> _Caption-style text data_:
- - - -
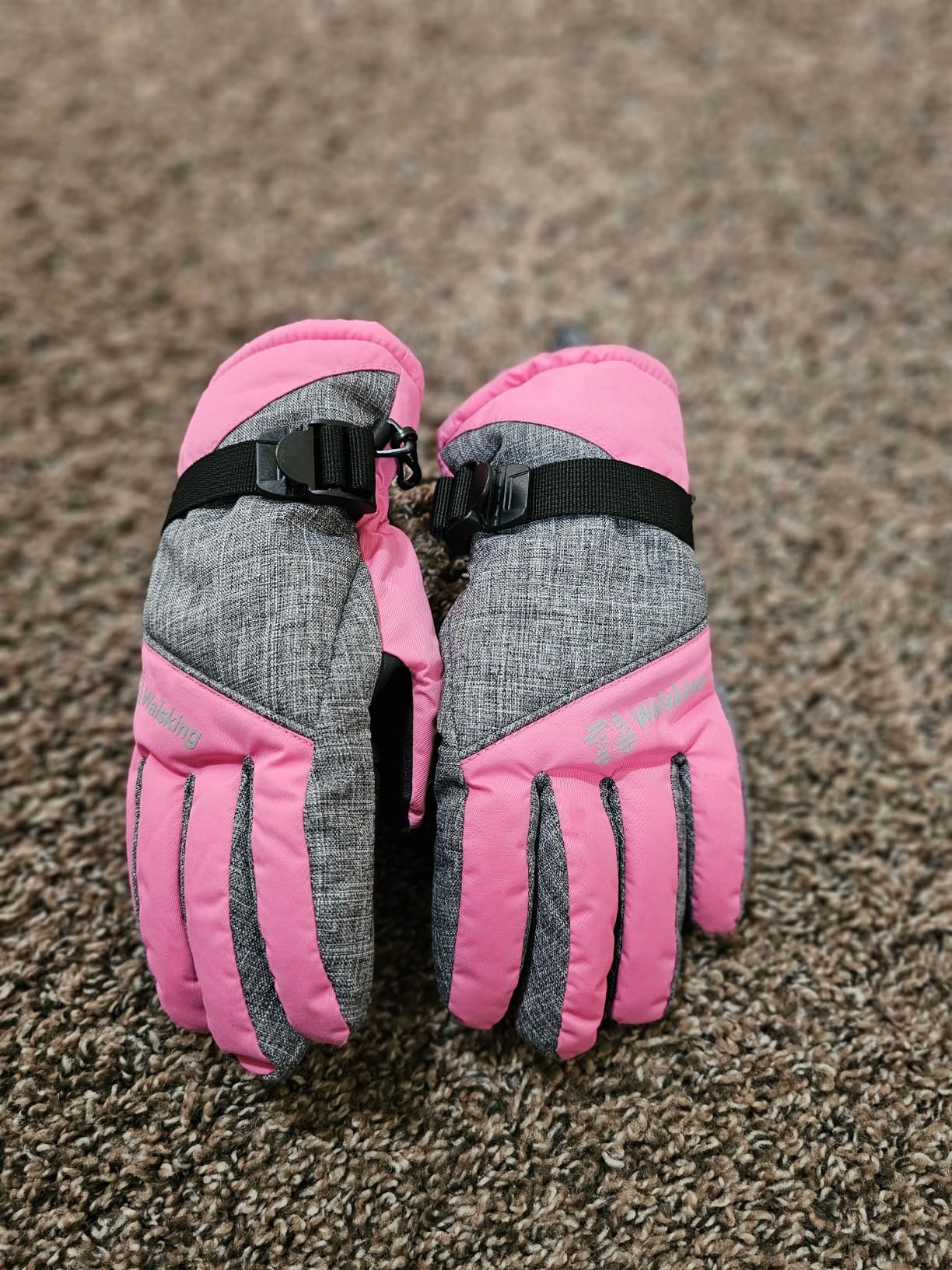 Kids Winter Gloves 3M Thinsulate Snow Waterproof Ski Cold Weather Insulated Outdoor Snowboard Gloves for Boys Girls Youth customer photo 2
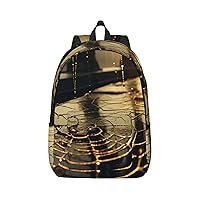 Net On Bridge Backpack Canvas Lightweight Laptop Bag Casual Daypack For Travel Busines Women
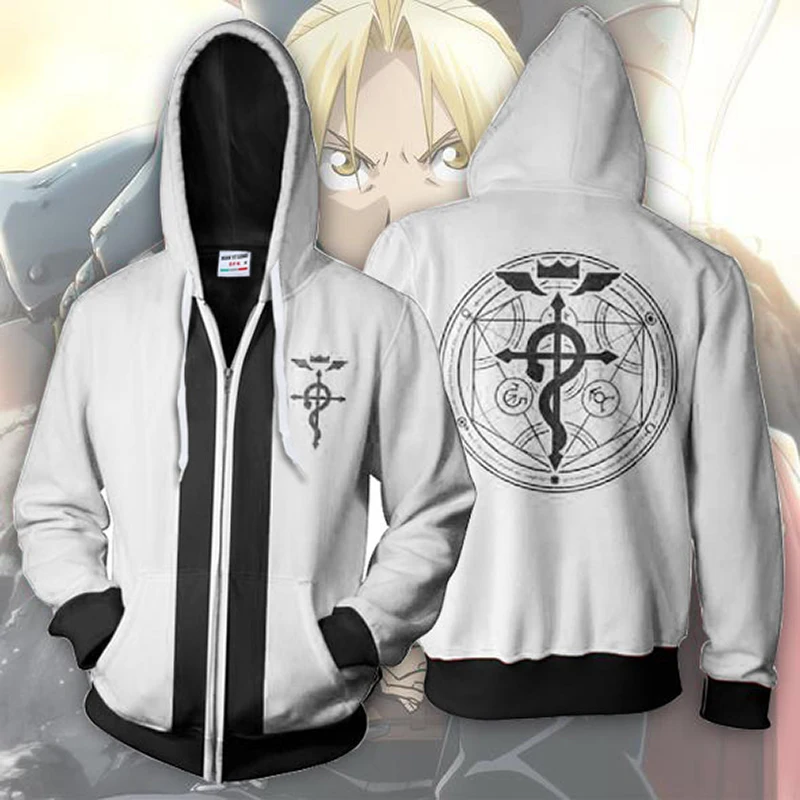 Fullmetal Alchemist Coat - Стальной алхимик, осенняя куртка на молнии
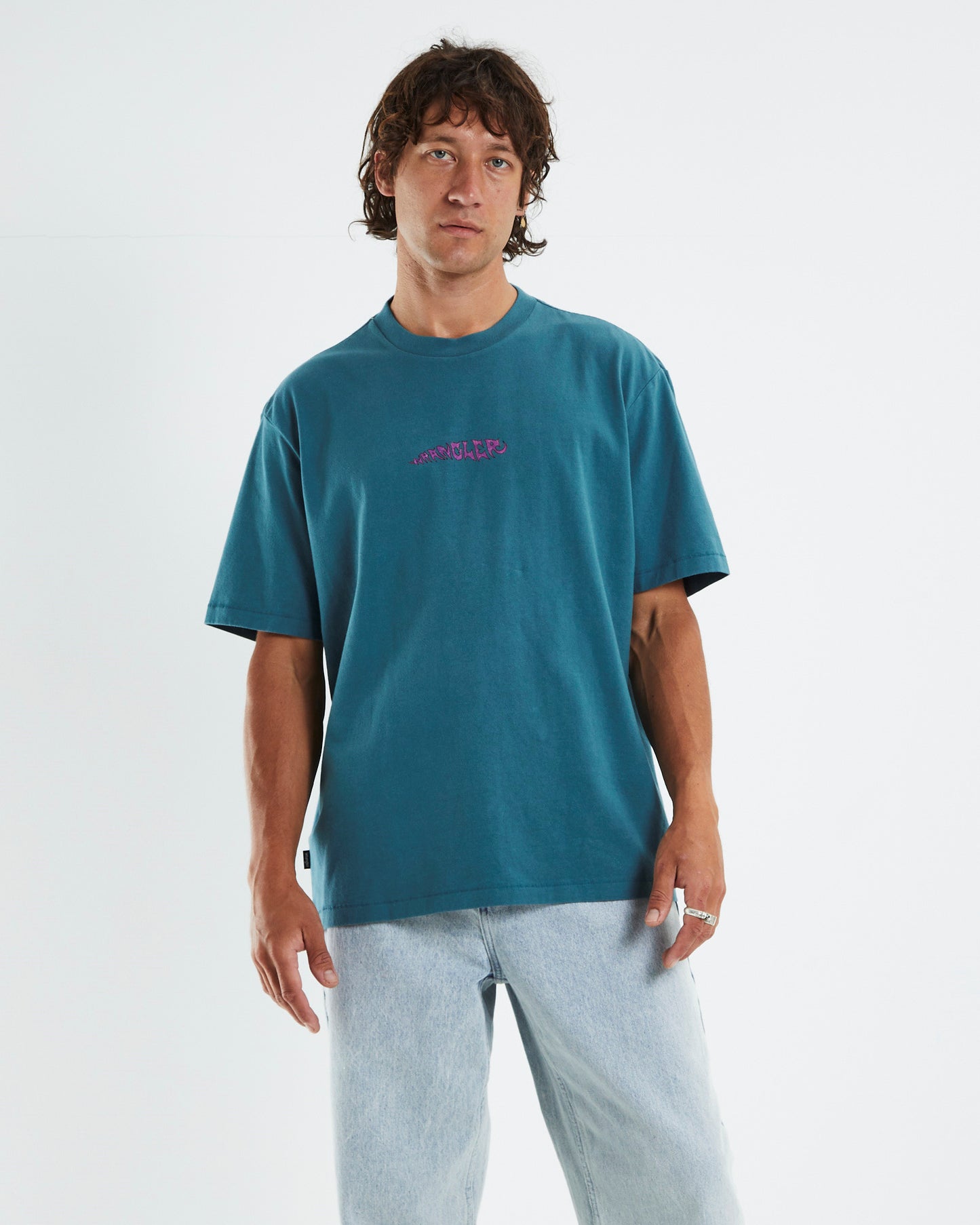 Teeth & Tongue Baggy T-Shirt Vintage Teal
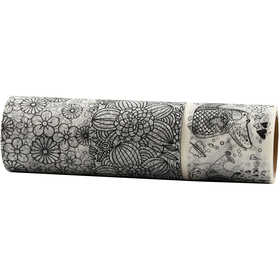 Washi Tape, B 50 mm, 3x5 m/ 1 Pck [HOB-25217]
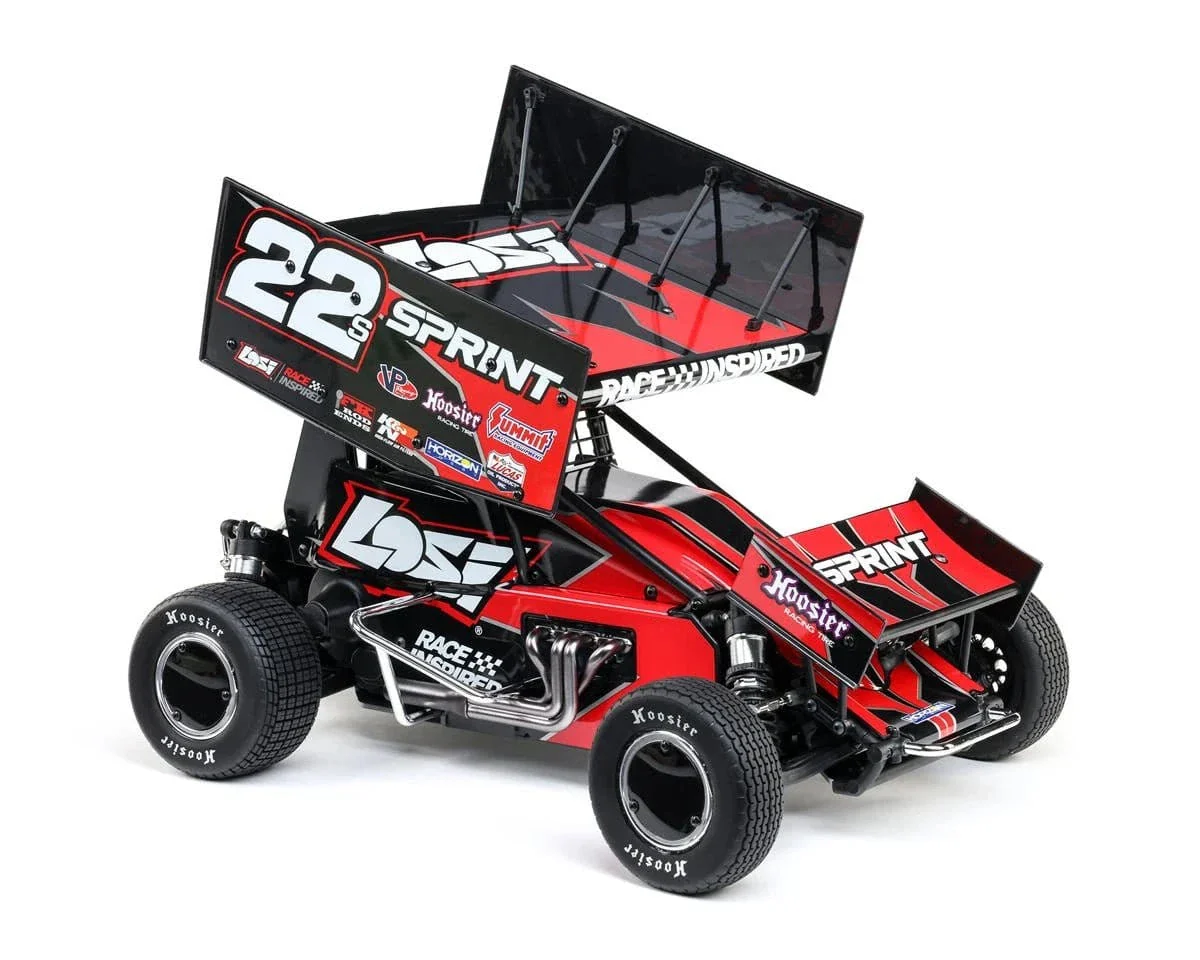 Losi 22S Sprint Car 1/10 2WD RTR Combo with Battery and Charger - Red - Image 9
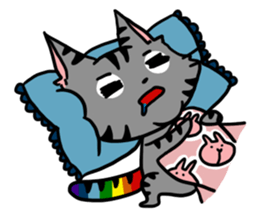 rainbow kitty sticker #6677415
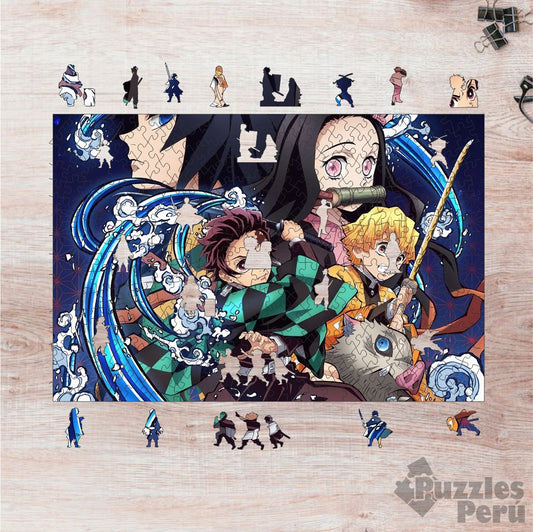 Rompecabezas Pers.Demon Slayer C:52.2 Puzzles Peru - M- 348 Pzas / Demon Slayer - ROMPECABEZAS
- - - -
> _What you have to do_: Repeat every record precisely. Any picture among them stays out of the copy.

> _Exercise answer_:
 Kids Winter Gloves 3M Thinsulate Snow Waterproof Ski Cold Weather Insulated Outdoor Snowboard Gloves for Boys Girls Youth customer photo 2
 Net On Bridge Backpack Canvas Lightweight Laptop Bag Casual Daypack For Travel Busines Women
 Fullmetal Alchemist Coat - Стальной алхимик, осенняя куртка на молнии
 Teeth & Tongue Baggy T-Shirt Vintage Teal
 Washi Tape, B 50 mm, 3x5 m/ 1 Pck [HOB-25217]
 Losi 22S Sprint Car 1/10 2WD RTR Combo with Battery and Charger - Red - Image 9
 rainbow kitty sticker #6677415
 Rompecabezas Pers.Demon Slayer C:52.2 Puzzles Peru - M- 348 Pzas / Demon Slayer - ROMPECABEZAS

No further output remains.